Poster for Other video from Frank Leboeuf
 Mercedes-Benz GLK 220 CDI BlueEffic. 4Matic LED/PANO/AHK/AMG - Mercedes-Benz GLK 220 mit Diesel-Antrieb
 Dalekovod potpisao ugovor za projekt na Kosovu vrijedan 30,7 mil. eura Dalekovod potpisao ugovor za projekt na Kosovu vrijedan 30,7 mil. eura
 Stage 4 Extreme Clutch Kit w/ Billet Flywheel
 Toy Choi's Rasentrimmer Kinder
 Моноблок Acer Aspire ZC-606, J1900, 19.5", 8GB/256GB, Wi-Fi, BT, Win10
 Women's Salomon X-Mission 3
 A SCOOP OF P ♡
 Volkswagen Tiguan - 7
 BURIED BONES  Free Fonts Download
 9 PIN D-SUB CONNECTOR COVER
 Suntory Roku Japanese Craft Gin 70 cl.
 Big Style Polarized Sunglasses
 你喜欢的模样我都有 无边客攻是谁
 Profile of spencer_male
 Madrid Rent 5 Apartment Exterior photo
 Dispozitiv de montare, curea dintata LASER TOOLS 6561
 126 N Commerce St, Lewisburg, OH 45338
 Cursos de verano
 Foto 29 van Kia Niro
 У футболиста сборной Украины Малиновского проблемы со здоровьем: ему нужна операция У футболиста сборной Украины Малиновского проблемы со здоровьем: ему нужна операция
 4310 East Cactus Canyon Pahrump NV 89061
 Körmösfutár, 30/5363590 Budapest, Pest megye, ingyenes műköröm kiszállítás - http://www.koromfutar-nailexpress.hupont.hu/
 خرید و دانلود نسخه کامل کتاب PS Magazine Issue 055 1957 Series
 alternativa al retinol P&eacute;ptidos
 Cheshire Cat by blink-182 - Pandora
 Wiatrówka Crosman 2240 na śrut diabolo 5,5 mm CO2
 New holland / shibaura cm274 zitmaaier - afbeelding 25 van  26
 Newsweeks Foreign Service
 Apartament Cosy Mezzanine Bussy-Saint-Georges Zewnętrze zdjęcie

○ ○ ○ ○

= The problem =
The records above should be reproduced in full, exactly as they read.

= Output for this exercise =
Poster for Other video from Frank Leboeuf
 Mercedes-Benz GLK 220 CDI BlueEffic. 4Matic LED/PANO/AHK/AMG - Mercedes-Benz GLK 220 mit Diesel-Antrieb
 Dalekovod potpisao ugovor za projekt na Kosovu vrijedan 30,7 mil. eura Dalekovod potpisao ugovor za projekt na Kosovu vrijedan 30,7 mil. eura
 Stage 4 Extreme Clutch Kit w/ Billet Flywheel
 Toy Choi's Rasentrimmer Kinder
 Моноблок Acer Aspire ZC-606, J1900, 19.5", 8GB/256GB, Wi-Fi, BT, Win10
 Women's Salomon X-Mission 3
 A SCOOP OF P ♡
 Volkswagen Tiguan - 7
 BURIED BONES  Free Fonts Download
 9 PIN D-SUB CONNECTOR COVER
 Suntory Roku Japanese Craft Gin 70 cl.
 Big Style Polarized Sunglasses
 你喜欢的模样我都有 无边客攻是谁
 Profile of spencer_male
 Madrid Rent 5 Apartment Exterior photo
 Dispozitiv de montare, curea dintata LASER TOOLS 6561
 126 N Commerce St, Lewisburg, OH 45338
 Cursos de verano
 Foto 29 van Kia Niro
 У футболиста сборной Украины Малиновского проблемы со здоровьем: ему нужна операция У футболиста сборной Украины Малиновского проблемы со здоровьем: ему нужна операция
 4310 East Cactus Canyon Pahrump NV 89061
 Körmösfutár, 30/5363590 Budapest, Pest megye, ingyenes műköröm kiszállítás - http://www.koromfutar-nailexpress.hupont.hu/
 خرید و دانلود نسخه کامل کتاب PS Magazine Issue 055 1957 Series
 alternativa al retinol P&eacute;ptidos
 Cheshire Cat by blink-182 - Pandora
 Wiatrówka Crosman 2240 na śrut diabolo 5,5 mm CO2
 New holland / shibaura cm274 zitmaaier - afbeelding 25 van  26
 Newsweeks Foreign Service
 Apartament Cosy Mezzanine Bussy-Saint-Georges Zewnętrze zdjęcie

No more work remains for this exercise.